A Go library for extracting, decoding, and encoding CEA-608/708 closed captions from H.264 and H.265/HEVC video streams. Zero dependencies.
go get github.com/zsiec/ccx
ccx turns raw H.264 and H.265/HEVC NAL units into fully structured, styled caption data — and provides a compact binary codec for sending that data over the wire.
H.264 SEI NAL → ExtractCaptions() ─┐
├→ CEA608Decoder / CEA708Service → StyledRegions() → Serialize()

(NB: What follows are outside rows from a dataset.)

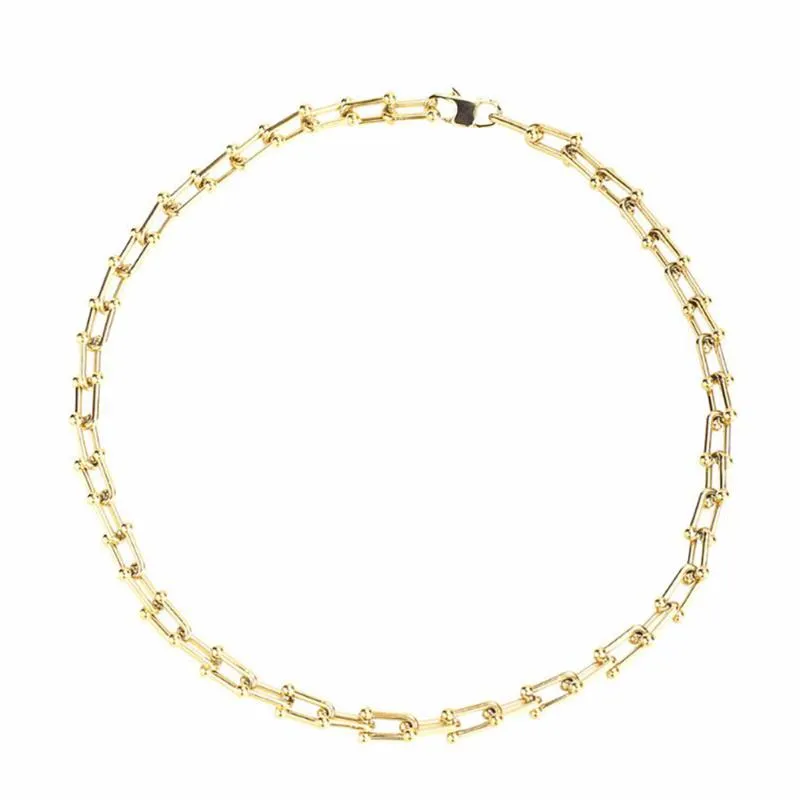 Kettingen Hip Hop Street Dance Gold U -vormige Miami Splicing Men Heavy Link Chain ketting sieraden voor vrouwen 18 inchchains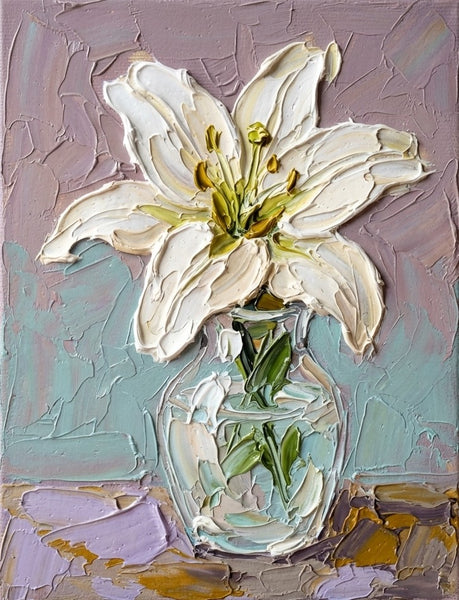 Hand Painted Canvas Art, Original Flower Paintings, Impasto Lily in Glass Vase, Original Oil Paintings, Small Canvas Artwork, Impasto Canvas Artwork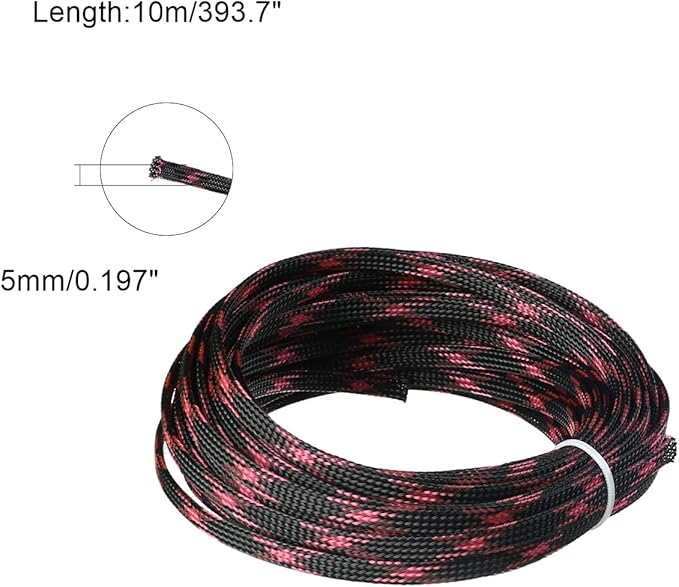 Aicosineg 32.81ft PET Flexible Braided Cable Sleeve 0.25inch Width Wire Loom Sleeving and Organizer Flexible Wire Mesh Sleeve Wrap Protector for TV Audio PC Cords from Pets Chewing Black and Pink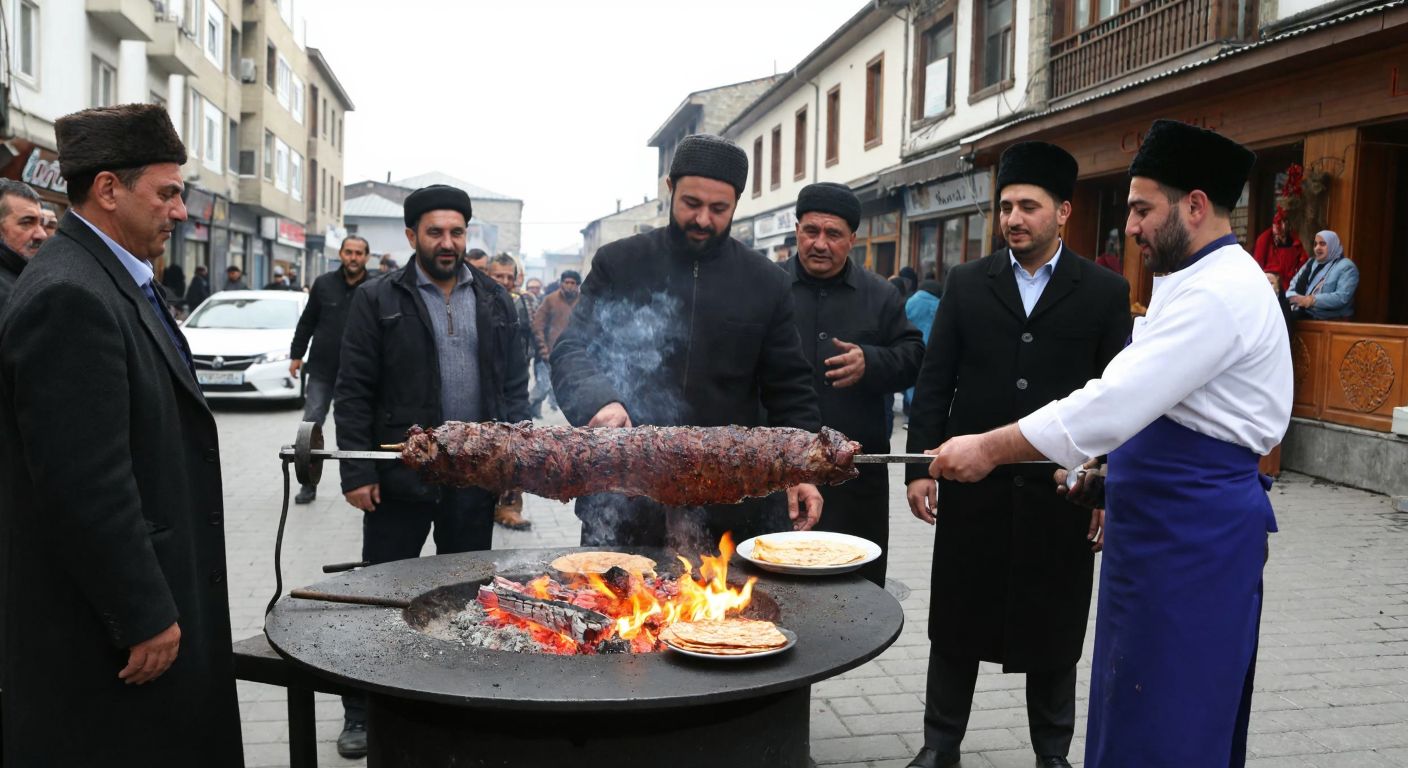 A bustling Erzurum street with a skewered cağ kebab rotating over glowing embers, surrounded by locals in traditional attire eagerly watching as the chef slices tender meat onto warm flatbread.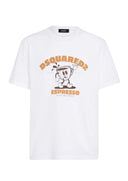 Tricou DSQUARED2, Regular Fit Espresso T-Shirt, Alb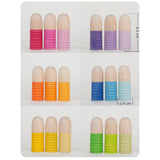 Maxbell 18x Wood Peg Dolls Preschool Learning Fine Motor Skill Toys for Kids Painted Style A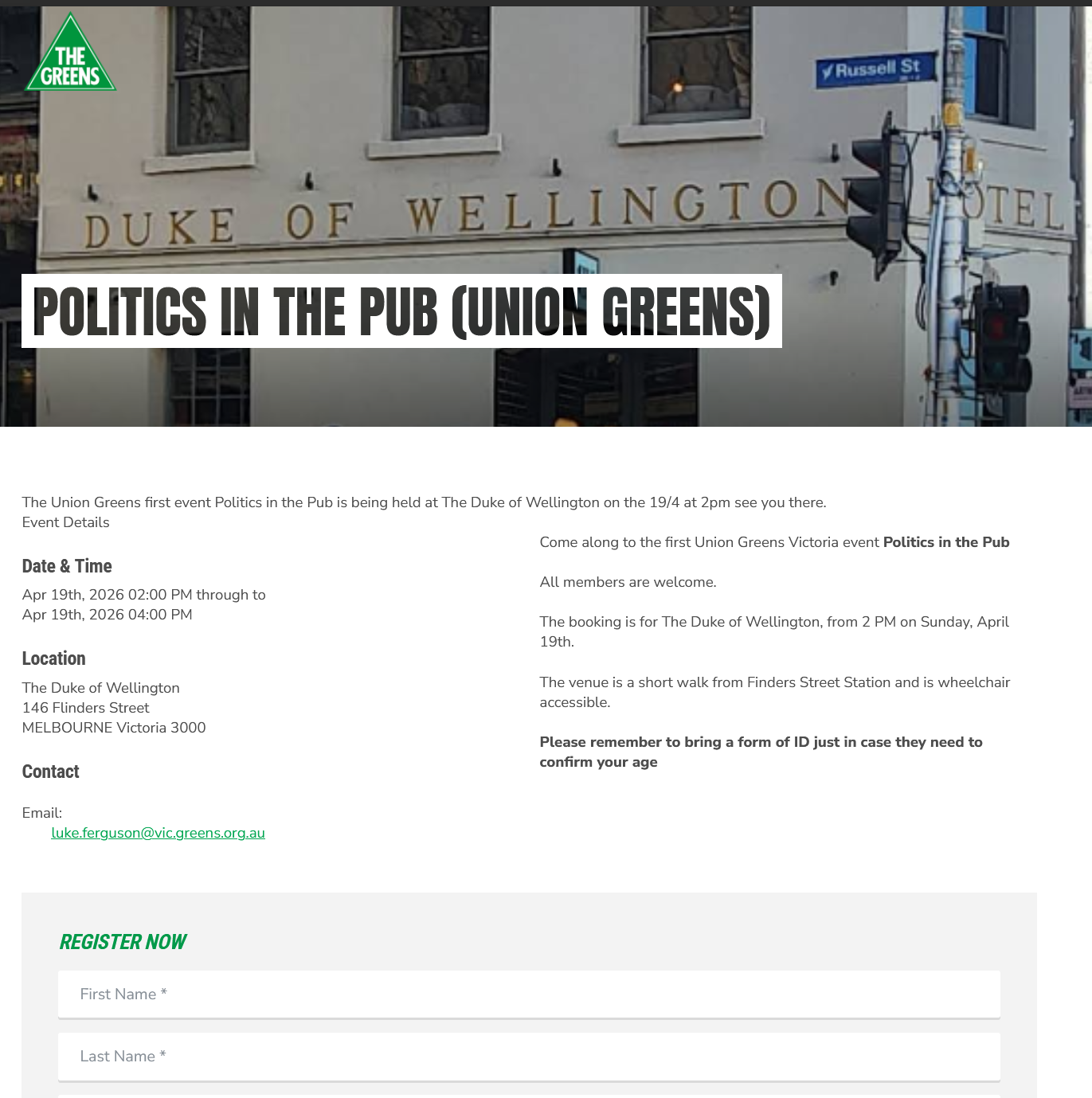 Published Greens event page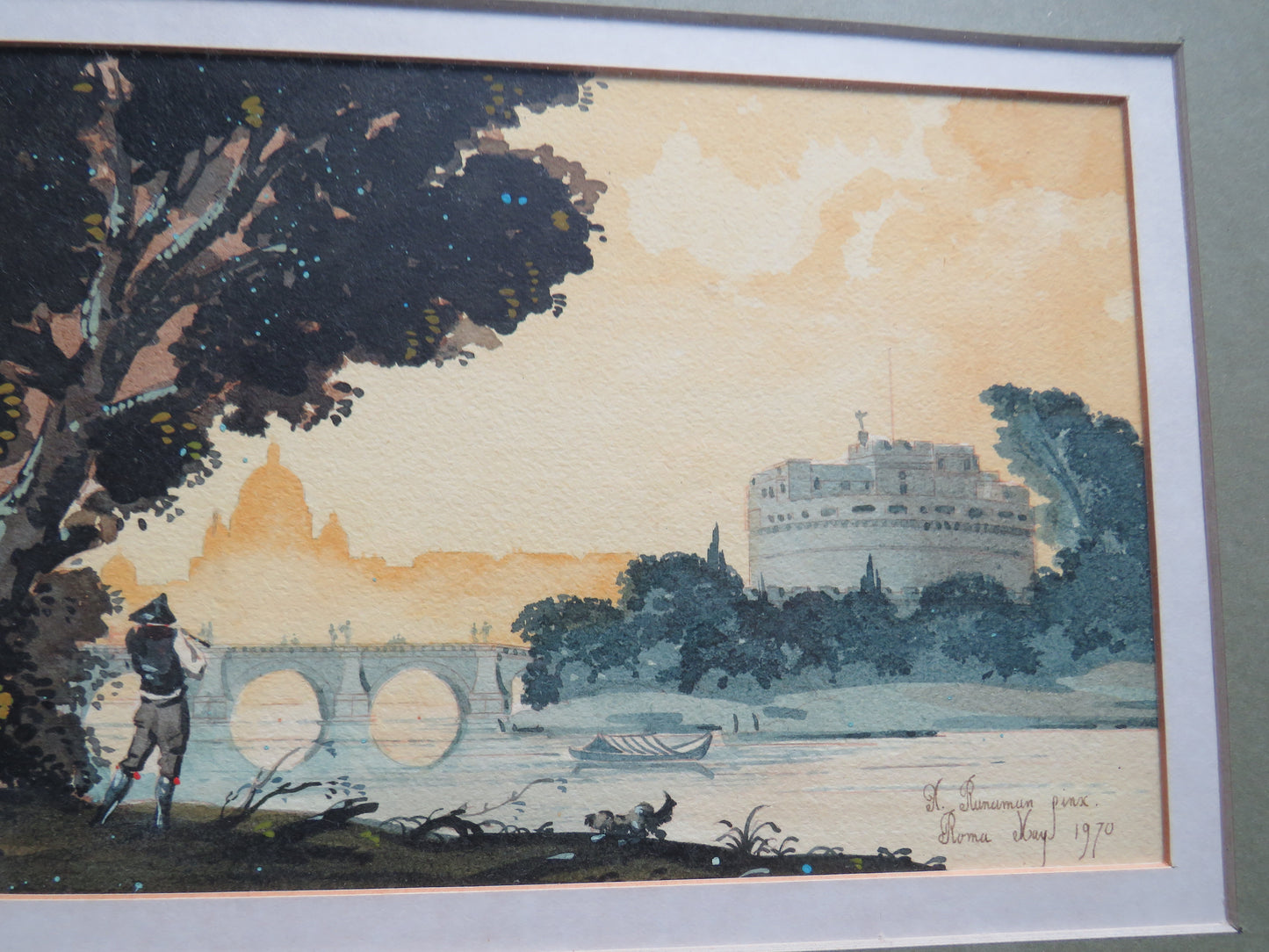 Vintage Framed Watercolour Painting of Rome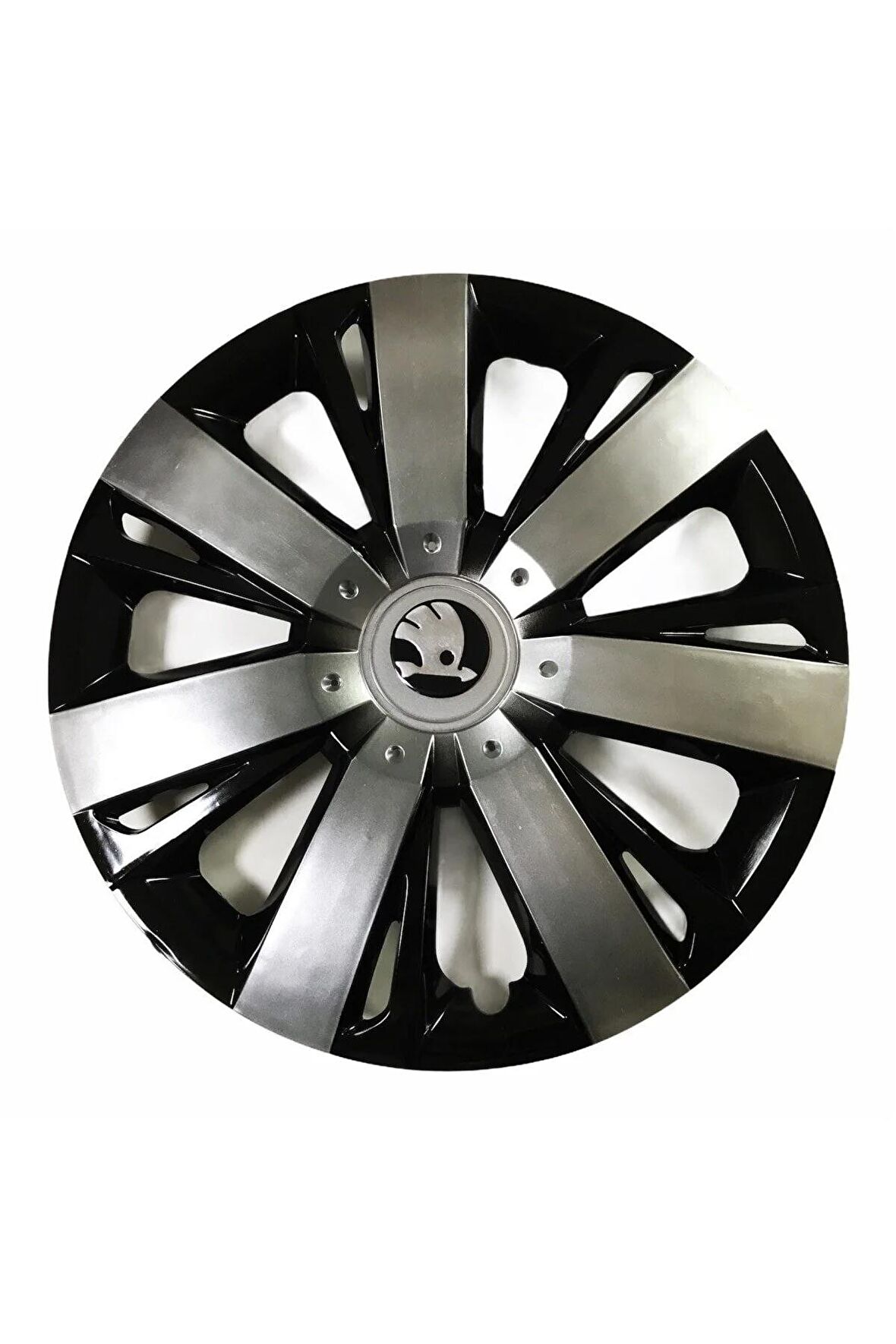 Skoda Yeti Uyumlu 15 Inç Piano Black Siyah Beyaz Renkli Jant Kapağı 4 Adet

H.265 SEI NAL → ExtractCaptionsHEVC() ─┘
Three layers, usable independently:
| Layer | What | Entry Points |
|---|---|---|
| Extract | Pull caption bytes out of SEI NALs | ExtractCaptions() (H.264), ExtractCaptionsHEVC() (H.265) |
| Decode | Full CEA-608/708 state machines | CEA608Decoder, CEA708Service, CEA708Decoder |
| Codec | Compact binary serialization | CaptionFrame.Serialize(), DeserializeCaptionFrame() |
dec := ccx.NewCEA608Decoder()
// Feed byte pairs from your caption stream
text := dec.Decode(cc1, cc2)
if text != "" {
fmt.Println(text) // Plain text output
}
// Or get full structured data with styling
regions := dec.StyledRegions()
for _, reg := range regions {
for _, row := range reg.Rows {
for _, span := range row.Spans {
fmt.Printf("%q fg=%s italic=%v\n", span.Text, span.FgColor, span.Italic)
}
}
}svc := ccx.NewCEA708Service()
// Define a window and write text
svc.ProcessBlock(data)
text := svc.DisplayText()
// Structured output with full window attributes
regions := svc.StyledRegions()
// regions[i].Justify, .FillColor, .AnchorV, .Priority, etc.cd := ccx.ExtractCaptions(nalData)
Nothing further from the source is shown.